I went to the apartment where we on-call chaplains stay, where I have never gotten a page later than 5 p.m., and at 7:40 p.m., just as I was thanking the pizza delivery guy, a page came in: a patient was actively dying at another campus and his wife wanted a priest. I spoke with the wife on the phone and found it difficult to explain, in my limited Spanish, that since her husband wasn’t Catholic and therefore not in need of any sacrament, we couldn’t ask a priest to come. She was Catholic and just wanted to talk to a priest. For that, we have on-call chaplains, but this particular on-call chaplain was about to scarf down an entire pizza and was thus disinclined to serve. The woman was under the impression that I myself am a priest: “Are you a father?” (Hmmph.)
I told her I would call her back and called the nurse to ask if there was a staff member around who could translate for us. The nurse said there wasn’t, but that the woman’s son should be able to do that. I said it was fine to give him my cell phone number, but never heard from him.
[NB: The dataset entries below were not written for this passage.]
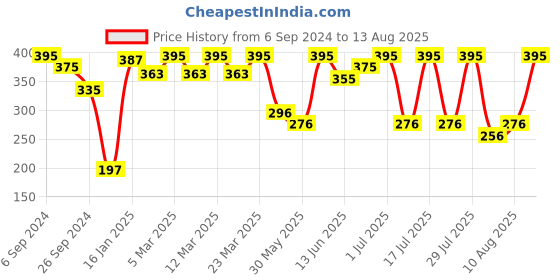 myntra.com Bodycare Kids Girls Typography Printed Casual T-shirt bodycare kids Price History Graph from 6 Sep 2024 to 13 Aug 2025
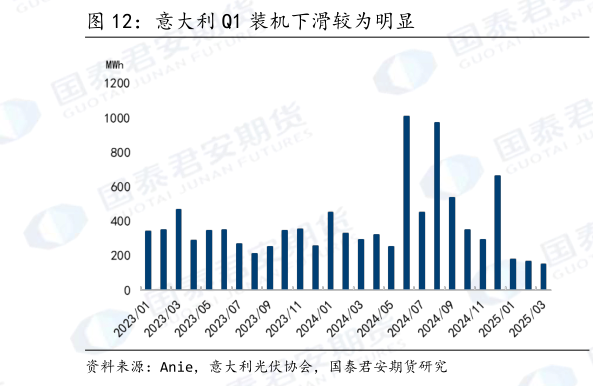 一起讨论下意大利 Q1 装机下滑较为明显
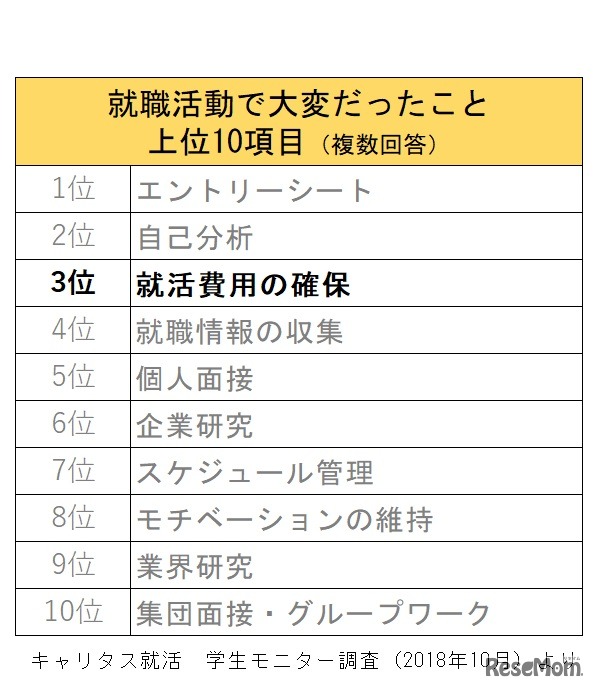 就職活動で大変だったこと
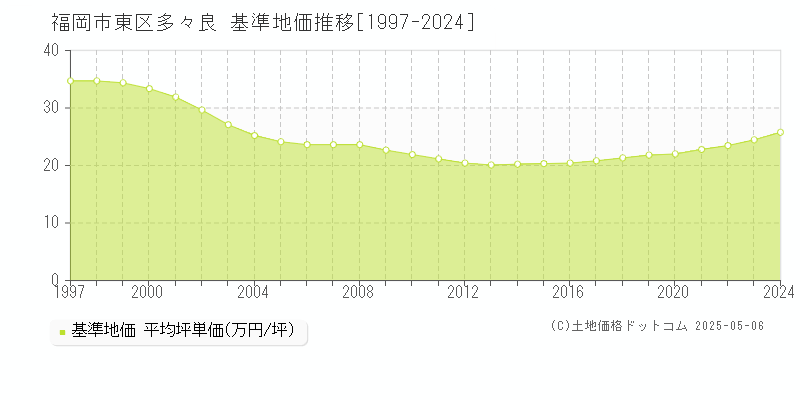 多々良(福岡市東区)の基準地価推移グラフ(坪単価)[1997-2024年]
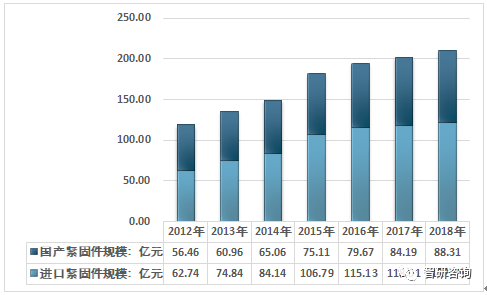 2018年中国航天航空紧固件市场供需现状以及行业发展前景分析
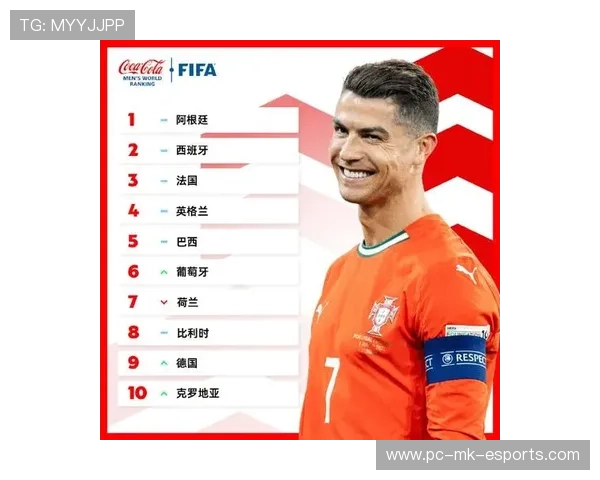 全球十大足球球星排行榜揭晓谁是现役最具影响力的足球巨星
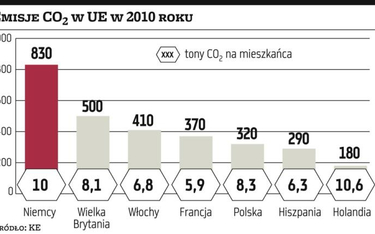 Klimat dzieli Polskę i Unię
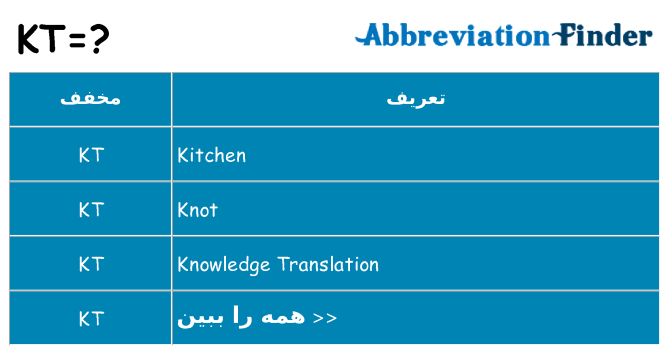 چه kt برای ایستادن؟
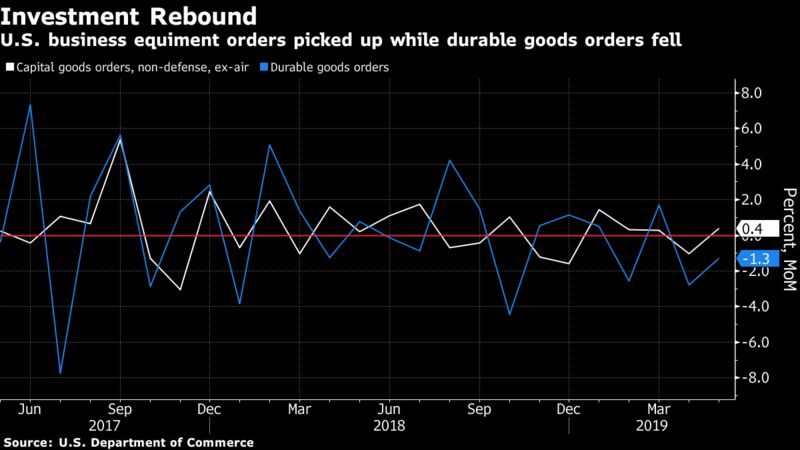 U.S. business equiment orders picked up while durable goods orders fell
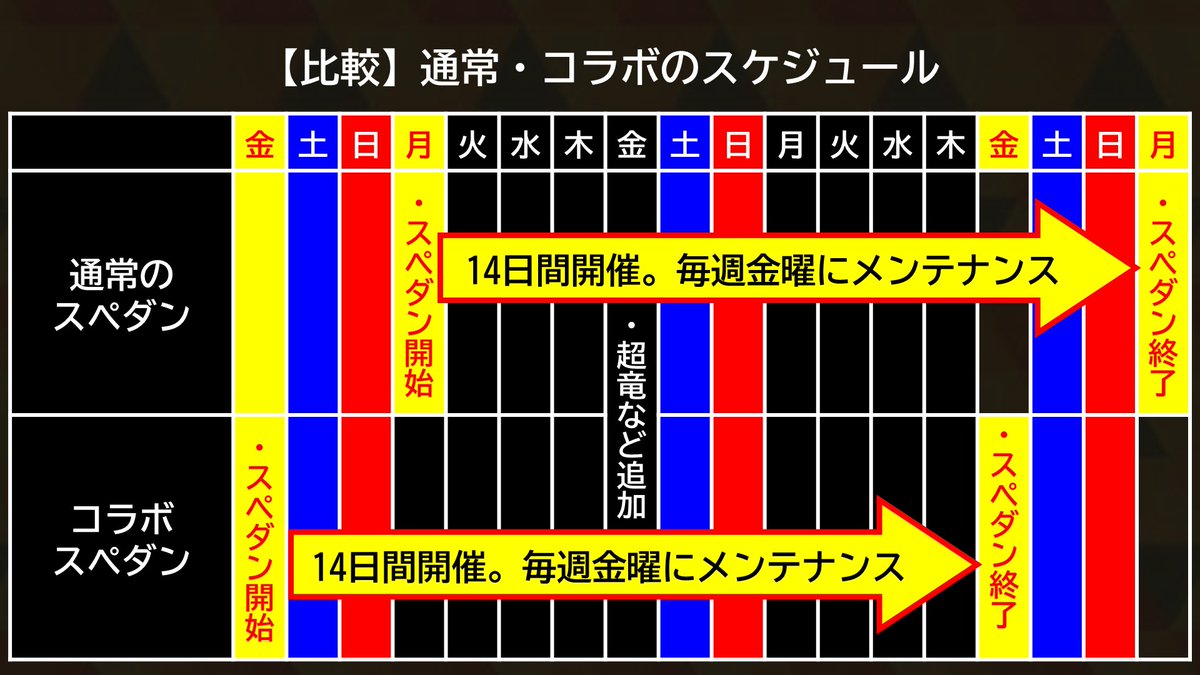 iearhead's tweet photo. 本日のメンテナンスで判明すると思いますが、スペダンのスケジュールはこんな感じですかね。
ただ、コラボ実施→通常スペダンの場合、金土日にスペダン���無い3日間が発生するのですかね？
#ドラポ https://t.co/tVZxWqvZzA
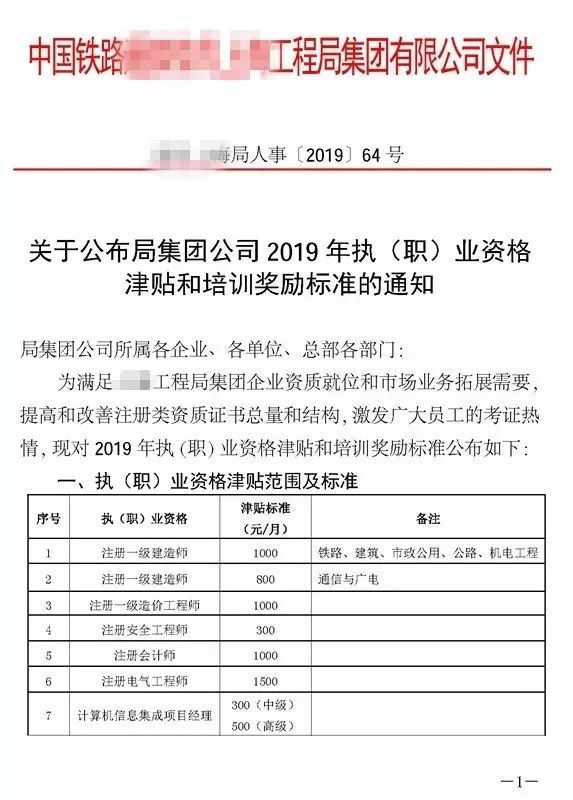 建造师二级培训班资料下载-严打挂证之后，证书价值飙升！这家公司，一建市政补助高达10万！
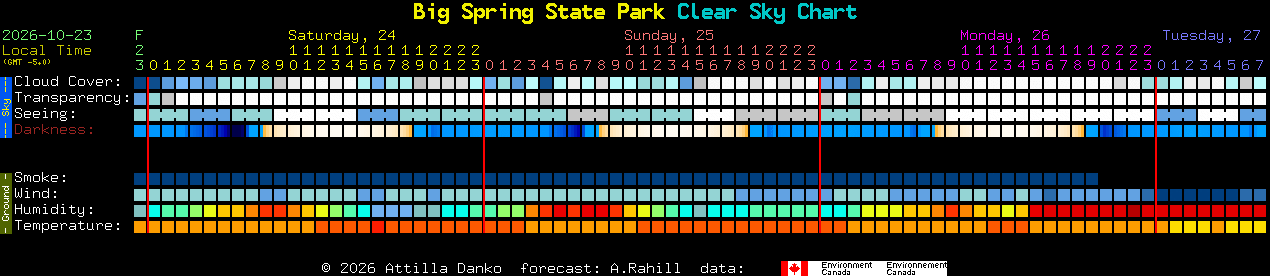 Current forecast for Big Spring State Park Clear Sky Chart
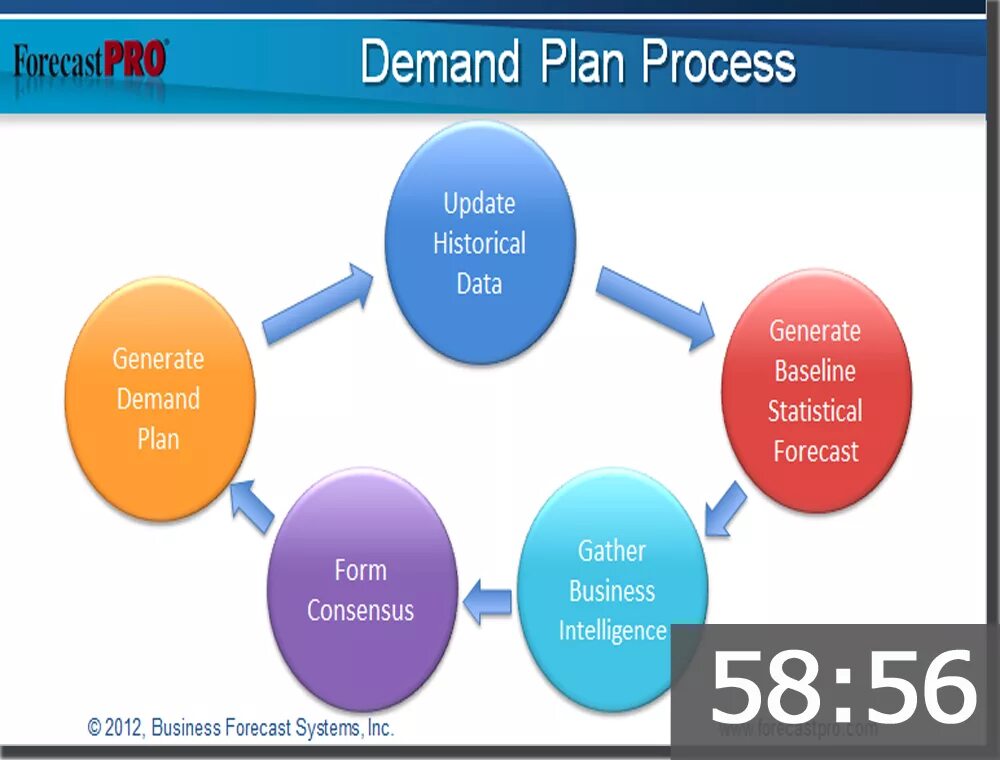 Demand planning. Demand планирование. Demand process. Demand программа. Forecast planning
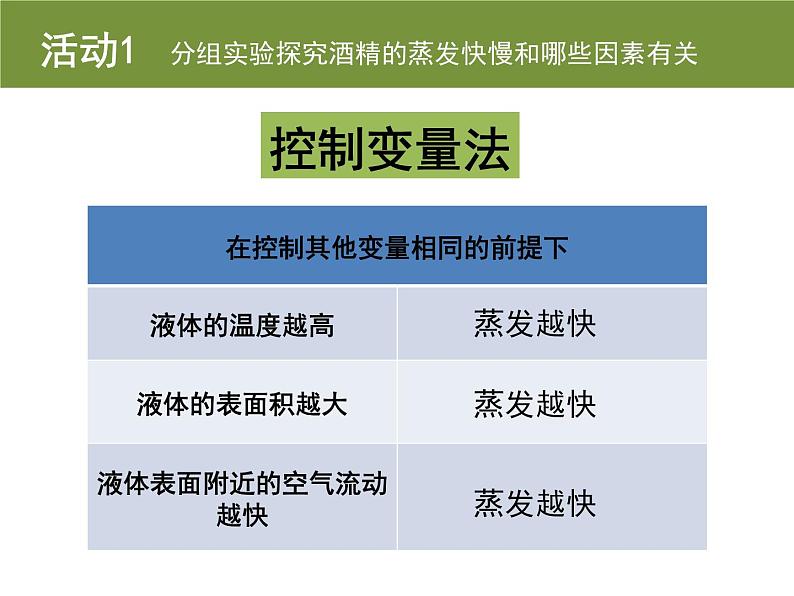 沪粤版初中物理八年级上册4.2探究汽化和液化的特点课件06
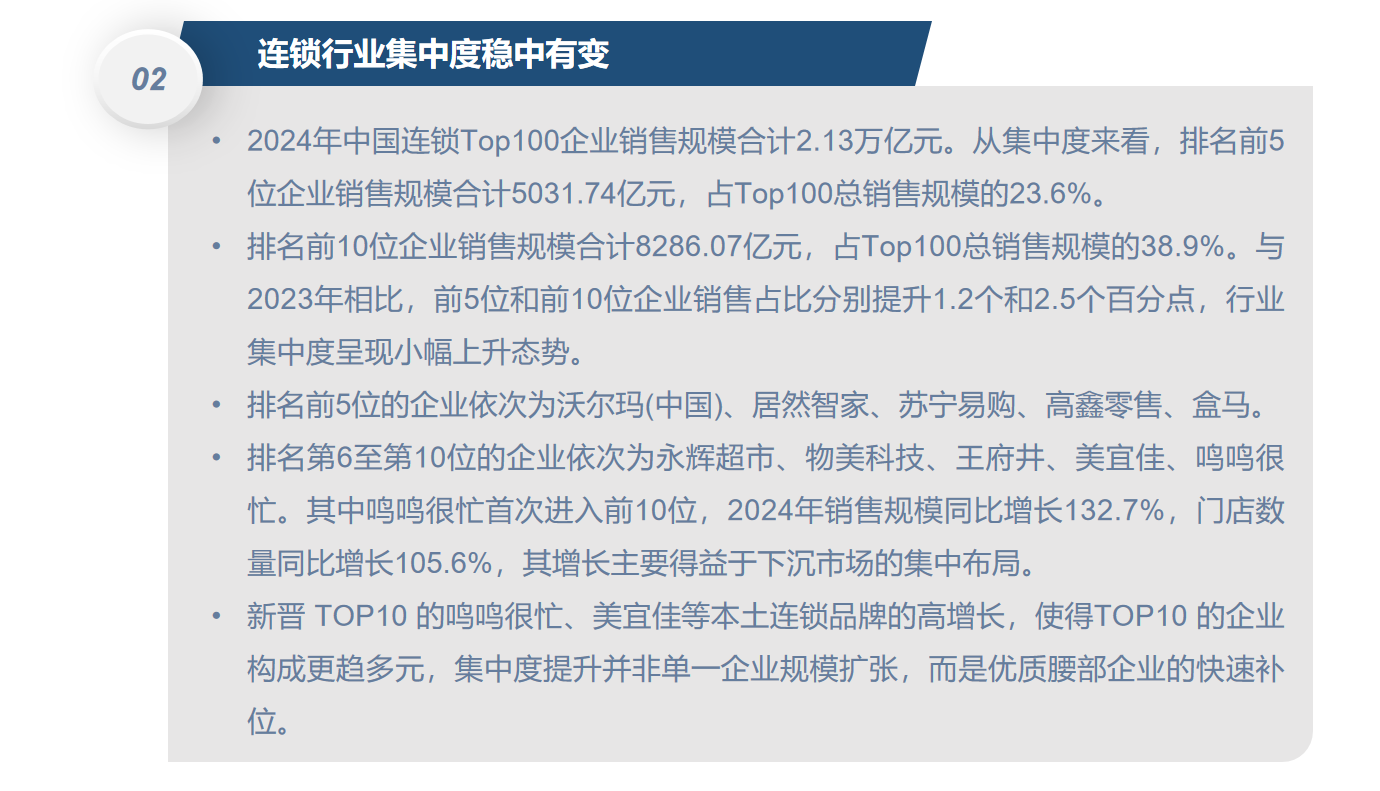 中国连锁经营行业集中度 中国连锁经营行业集中度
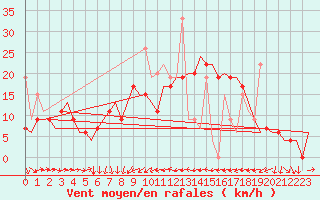Courbe de la force du vent pour Enfidha Hammamet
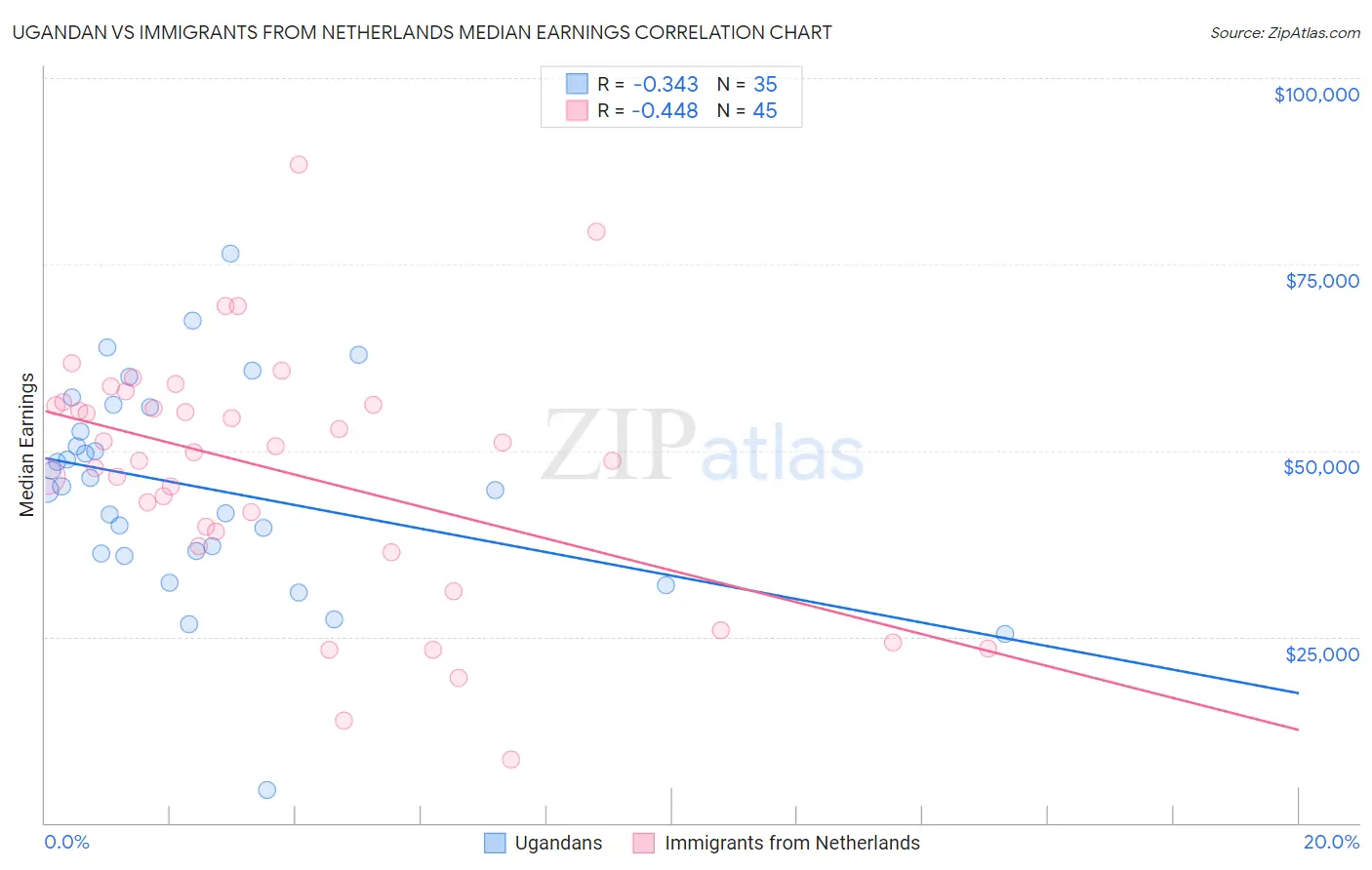 Ugandan vs Immigrants from Netherlands Median Earnings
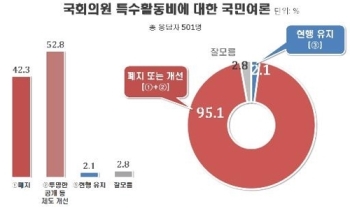 국회 특활비, 국민 53% “제도 개선“ 42% “폐지“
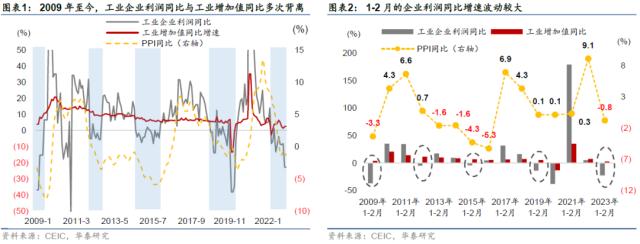 华泰 | 宏观：开年工业企业盈利下降的部分解释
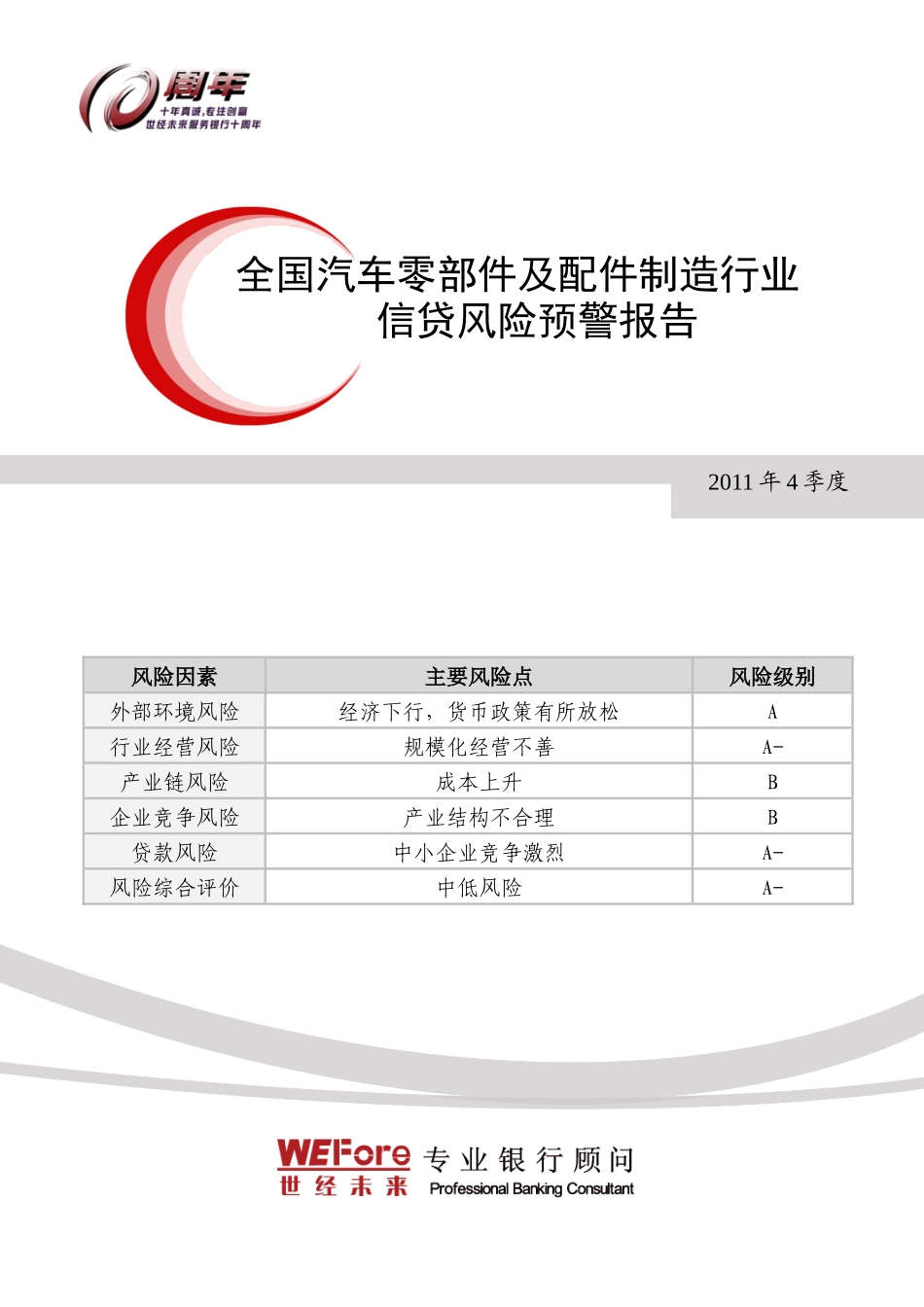 配件制造行业信贷风险预警报告_第1页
I rationalized that if they really needed me, they would have called, but I definitely felt guilty. I should have just gotten in a cab and gone over there. (I found out the next day that the patient died about 20 minutes after his wife and I spoke. She sounded remarkably composed, another reason I didn’t rush to her side.)
Don’t worry, I didn’t go unpunished for this. At 9:35, just after I’d gotten in bed, yet another page came in, again from a different campus. A family had gotten the news that their loved one was going to die and wanted a chaplain to come. It didn’t sound as if the patient was actively dying, so I called Samantha to see if we still go in that case: yes. So I got in a cab and headed over there, at this point past compassion fatigue and into active hostility. In the woman’s room, all hard feelings forgotten, I offered a prayer, which was pronounced “beautiful” by one of the 10 family members present.
My cab driver on the way back was born in 1944 and didn’t go in for pot smoking and all that in the 1960s; he was a boxer. Later he traveled with bands as a roadie: Santana, Journey, Natalie Cole. I told him my very first concert was The Spinners, with Natalie Cole, at the Bowen Field House at Eastern Michigan University in Ypsilanti in 1976, when I was 14. “That was me!” he said.
Yes, my decision regarding TWMC was correct. I will take the long way to whatever the destination turns out to be.